2) Push predictions, don't ask others to pull them. Focus on decoupling your data science team and their customers early on. The worst thing that can happen is duplicating logic, first to craft features during training, and later to submit those features to an API from clients. Even if you hide the feature engineering behind the API, this can either slow down predictions, or still require bulky requests from the client in the case of sequence data. Instead, stream data into your feature store, and stream predictions out onto your event bus. Then your data science team can truly be a black box.
3) Unit test invariants in your model's outputs. While you can't write tests for exact outputs, you can say "such and such a case should output a higher value than some other case, all things being equal". When your model disagrees, do at least consider that the model may be correct though.
4) Do ablation tests in reverse, and unit test each addition to your model's architecture to prove it helps.
5) Often you will train a model on historical data, and content yourself that all future predictions will be outside this training set. However, don't forget that sometimes updates to historical data will trigger a prediction to be recalculated, and this might be overfit. Sometimes you can serve cached results, but small feature changes make this harder.
6) Your data scientists are probably the people who are most intimate with your data. They will be the first to stumble on bugs and biases, so give them very good channels to report QA issues. If you are a lone data scientist in a larger organisation, seek out and forge these channels early.
7) Don't treat labelling tools as grubby little hacked together apps. Resource them properly, make sure you watch and listen to the humans building and using them.
8) Have objective ways of comparing models that are thematically similar but may differ in their exact goal variables.
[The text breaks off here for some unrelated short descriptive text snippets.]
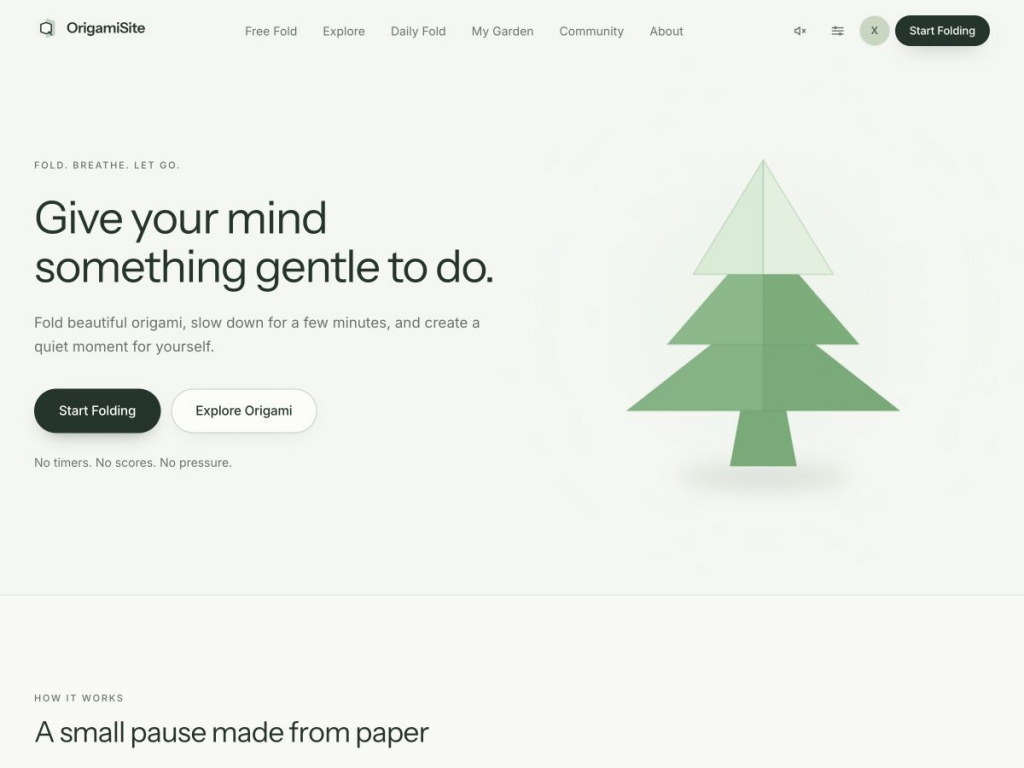 نمای صفحه اصلی OrigamiSite با تیتر Give your mind something gentle to do، دکمه‌های شروع تا کردن و گشتن در اوریگامی، فضای سفید و تصویرسازی مینیمال کاغذی.
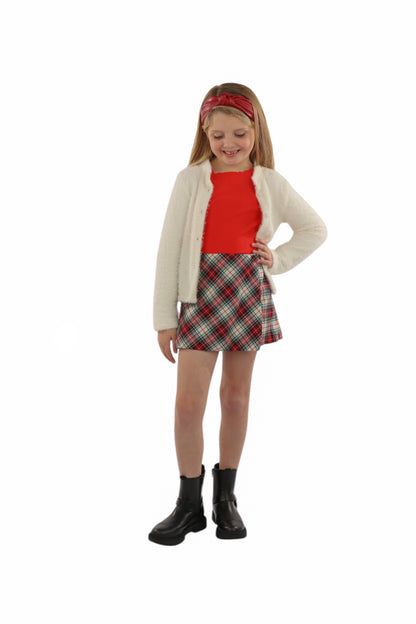 Luli & Me Gabby Girls Red Holiday Plaid Avery Skort by Luli & Me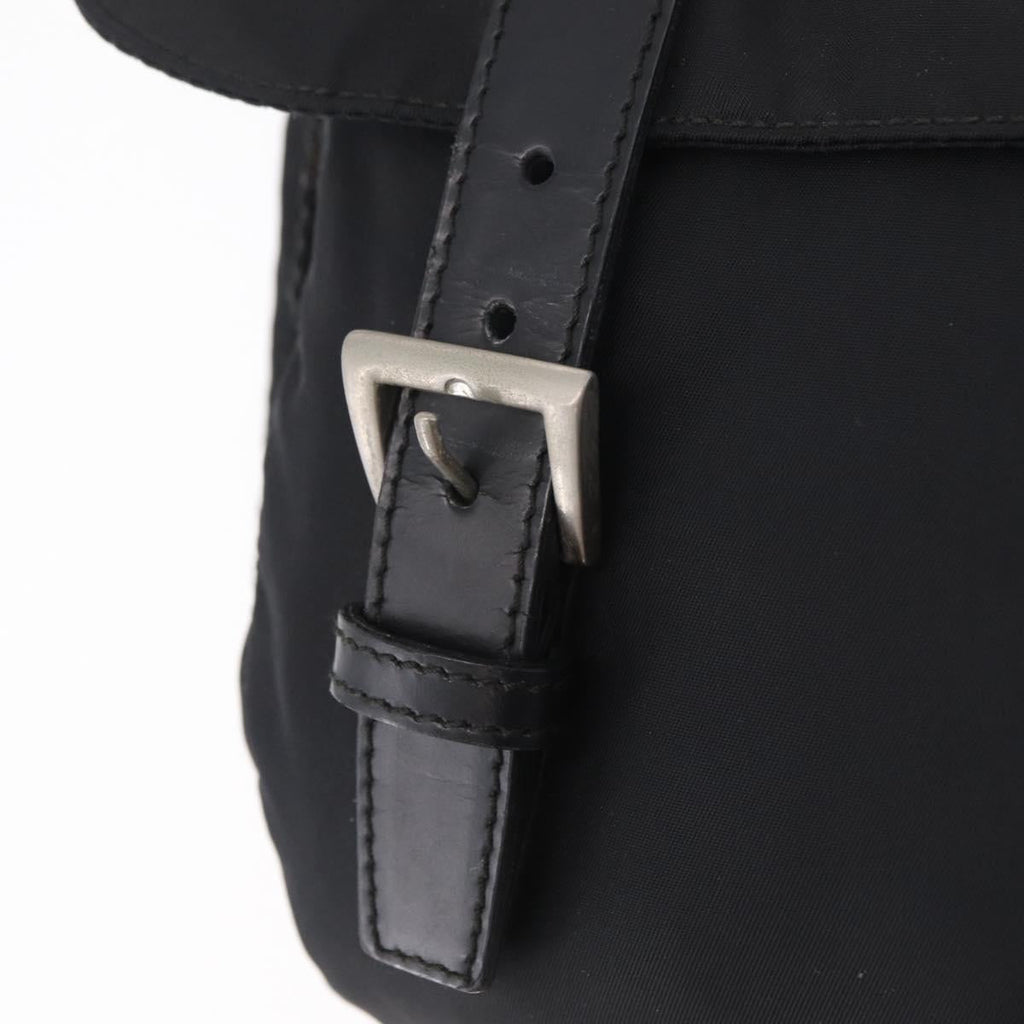 PRADA Shoulder Bag Nylon Black Silver Auth 207460V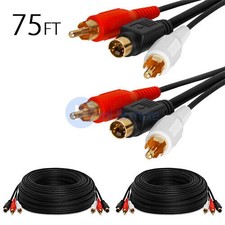 2x Audio Cable 2 RCA 75 FT Stereo Audio S-Video Cable DVD VCR TV 75 FT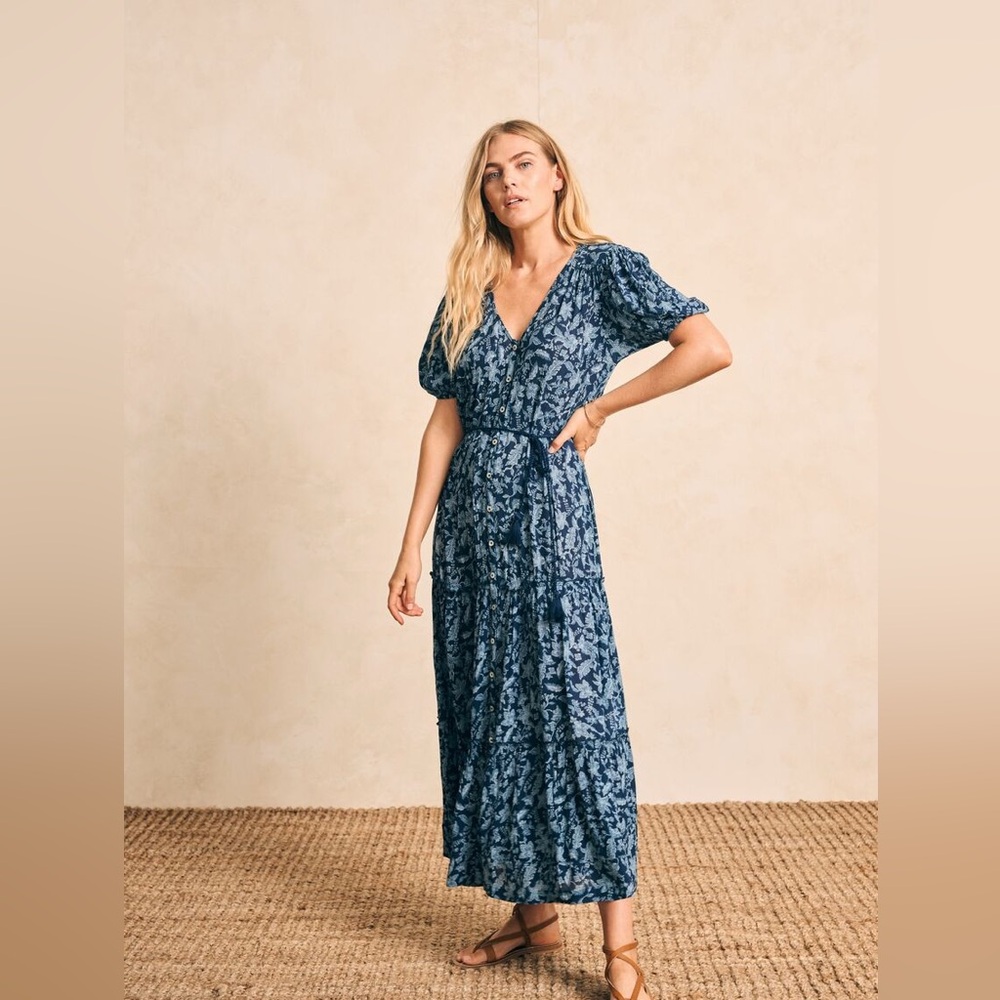 Faherty Blue Patterned Maxi Dress - Picture 4 of 8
If you can't directly compare log loss or whatever like-for-like, find some more external criteria.
9) Much of your job is building trust in your models with stakeholders. Don't be afraid to build simple stuff that captures established intuitions before going deep - show people the machine gets the basics first.
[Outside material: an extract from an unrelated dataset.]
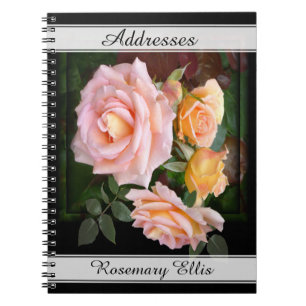 Customizable Beautiful Pink Roses Address Notebook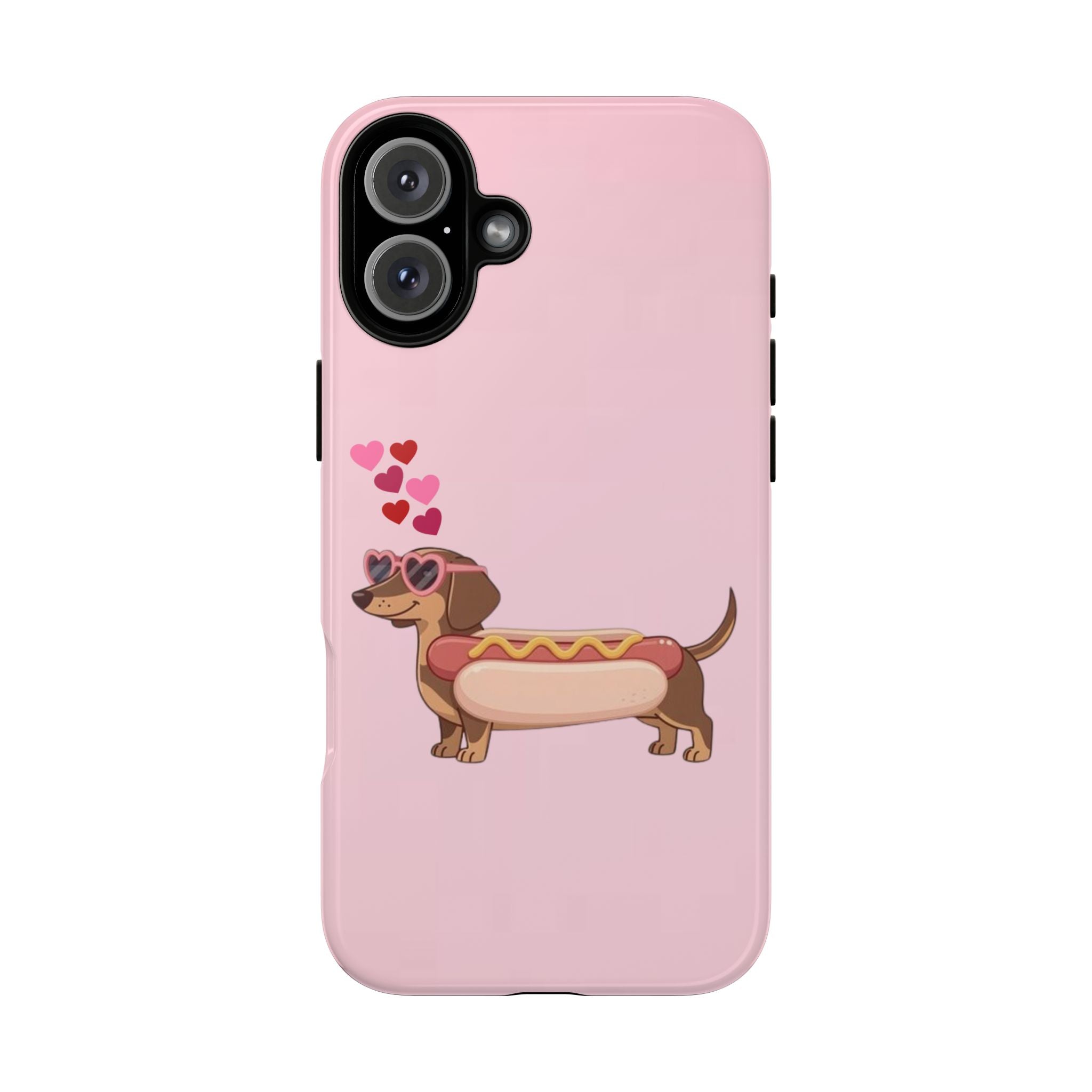 Dachshund Hot Dog Phone Case – Cute Pink Love Hearts Protective Tough Case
10) If you're struggling to replicate a result from a paper, either with or without the original code, welcome to academia.
Probably not earth shattering stuff, I grant you.
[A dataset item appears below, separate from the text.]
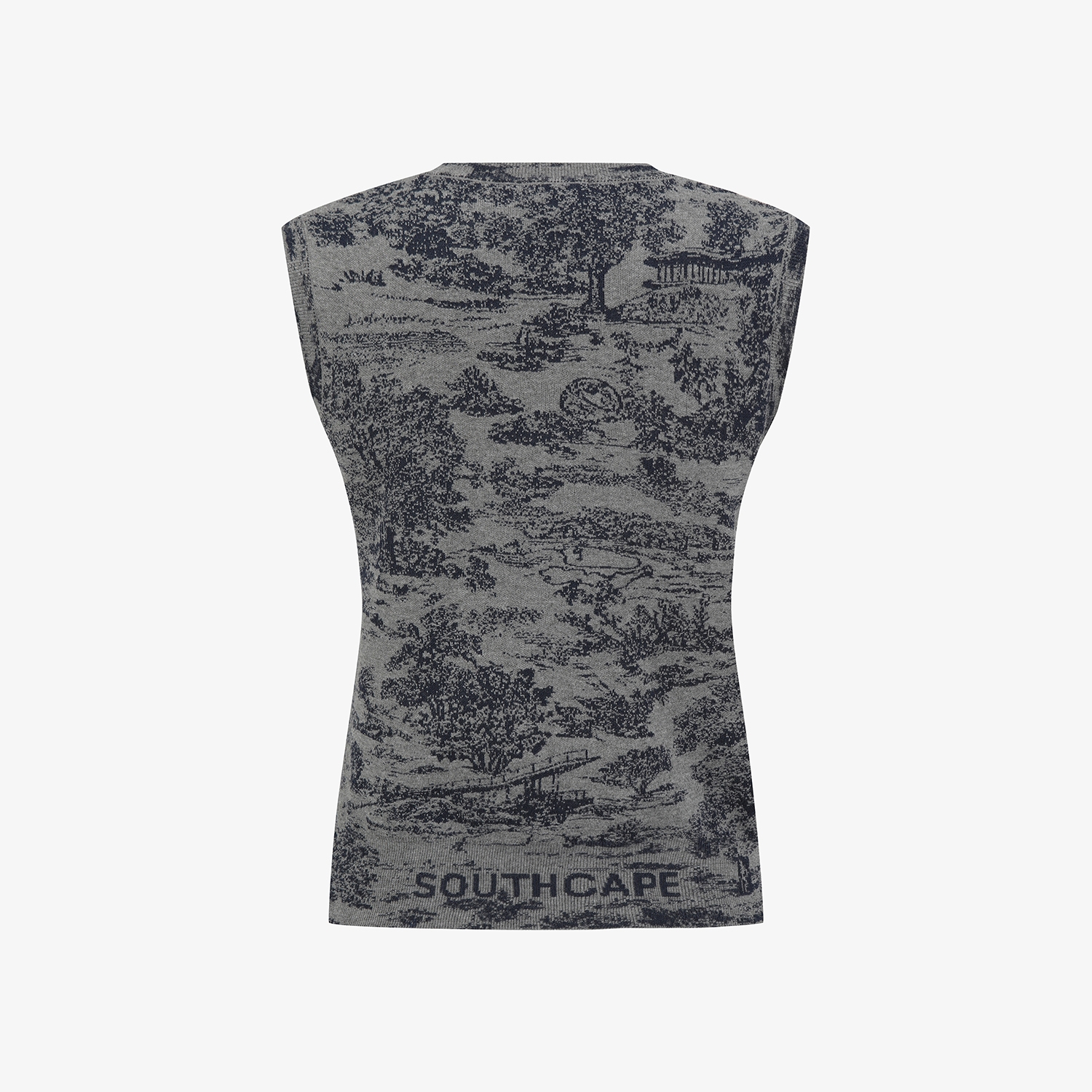 Áo vest golf nữ không tay họa tiết xám — ảnh 3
Good practices from software engineering are just as applicable to Data Science. In particular:
Notebooks are great for performing an EDA, and testing out new concepts. They're not great for running production code. Put your non-once off code in regular source code files and source control it.
Break your code into separately testable and composable functions. Write unit tests to verify behavior where you can. Speaking from experience you all most certainly will find bugs.
Implement a peer review process for the methodology used and the code. Approaches should be explainable and justifiable. Bugs and poor assumptions can lead to incorrect results.
Focus on making your model training process end-to-end reproducible. Document the training data used. Document the configuration used. Link back to the commit hash of the exact code used. Make sure your environment is reproducible.
It may not be earth-shattering, but that's probably a good thing.
I especially like numbers 1 and 10. If I was looking for a job I'd like to work with you.
but I did read most of it. I thought it was a fairly honest and good blog
I did like the diagram of the different company styles
I'll will read it 100% when I have enough time
That's quite an old internet cartoon.
<<I've put a large chunk of my money in leveraged index funds and etfs>>
This is dangerous advice if you go all in on this.
You do not want to invest in ETFs that are themselves leveraged & rebalance daily however, that’s going to eat all your money if you hold them for any length of time - those products are designed to be held for short periods only.
Now, the risk (potential one-year downside) is not for everyone.